Le niveau des retraites est abordé aux articles 2 et 4. Pourquoi en parler maintenant ? Le Gouvernement garantit une retraite minimale de 85 % du SMIC, ce qui constitue une revalorisation de 9 % en quatre ans, alors que sans réforme le taux tomberait à 60 % en 2020. Les années précédentes, dans la discussion sur le financement de l'assurance vieillesse, c'est nous qui avons jugé anormal que le minimum contributif soit inférieur au minimum vieillesse. Or vous n'avez pas touché au minimum contributif, et c'est nous qui nous en occupons. Vous n'avez pas le monopole du c_ur ! (Applaudissements sur les bancs du groupe UMP)

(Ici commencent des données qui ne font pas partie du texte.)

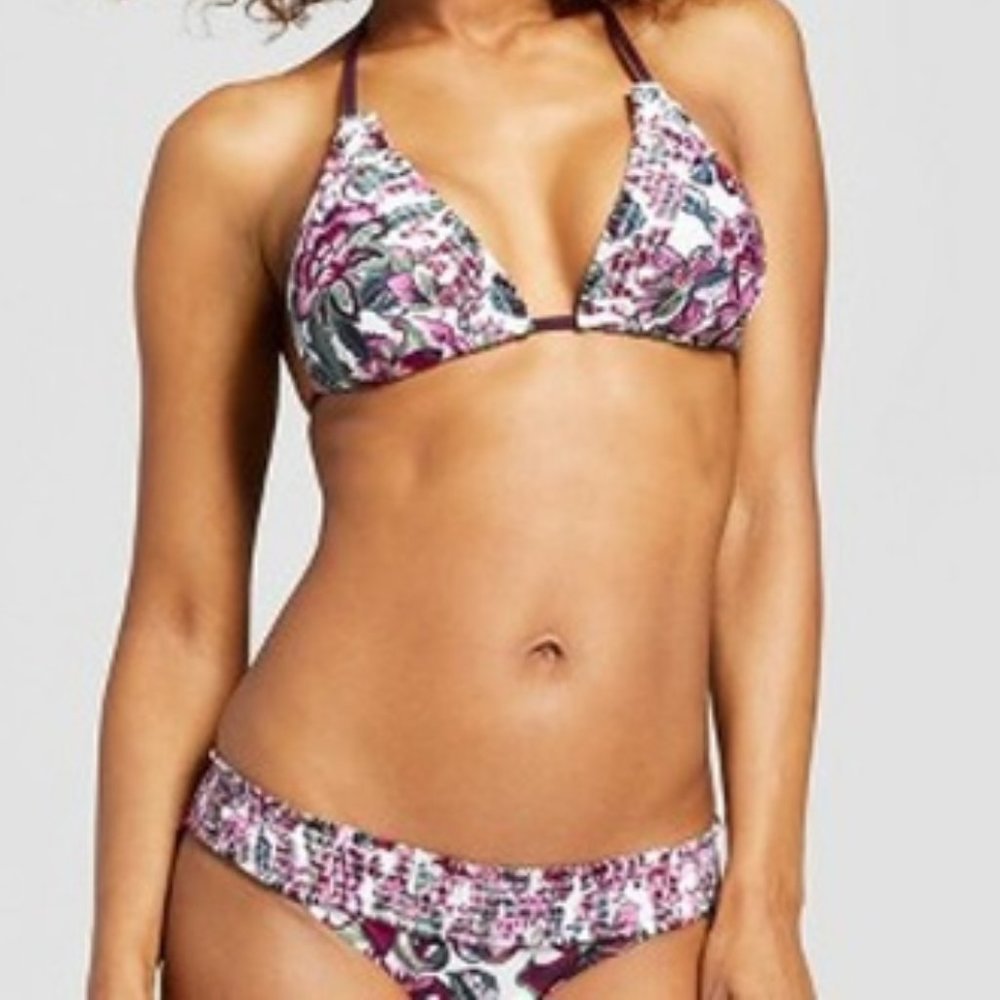 Mossimo Smocked Triangle Bikini Set Deep Plum Size Small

A la majorité de 108 voix contre 59 sur 167 votants et 167 suffrages exprimés, les amendements 250 à 398 ne sont pas adoptés.

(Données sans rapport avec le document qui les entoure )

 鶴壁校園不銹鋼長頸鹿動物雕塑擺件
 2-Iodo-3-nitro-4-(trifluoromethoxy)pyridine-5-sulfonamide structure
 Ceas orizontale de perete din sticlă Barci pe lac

La suite de la discussion est reportée à la prochaine séance qui aura lieu ce matin, vendredi 13 juin, à 9 heures 45.

La séance est levée à 1 heure 45.

            Le Directeur du service
            des comptes rendus analytiques,

            François GEORGE

ORDRE DU JOUR
DU VENDREDI 13 JUIN 2003

A NEUF HEURES QUARANTE-CINQ : 1ère SÉANCE PUBLIQUE

Suite de la discussion, après déclaration d'urgence, du projet de loi (n° 885) portant réforme des retraites.

M. Bernard ACCOYER, rapporteur au nom de la commission des affaires culturelles, familiales et sociales.

(Rapport n° 898)

M. François CALVET, rapporteur pour avis au nom de la commission de la défense nationale et des forces armées.

(Avis n° 895)

M. Xavier BERTRAND, rapporteur pour avis au nom de la commission des finances, de l'économie générale et du plan.

(Avis n° 899)

Mme Claude GREFF, rapporteure au nom de la délégation aux droits des femmes et à l'égalité des chances entre les hommes et les femmes.

(Rapport d'information n° 892)

A QUINZE HEURES : 2ème SÉANCE PUBLIQUE

Suite de l'ordre du jour de la première séance.

A VINGT ET UNE HEURES TRENTE : 3ème SÉANCE PUBLIQUE

Suite de l'ordre du jour de la première séance.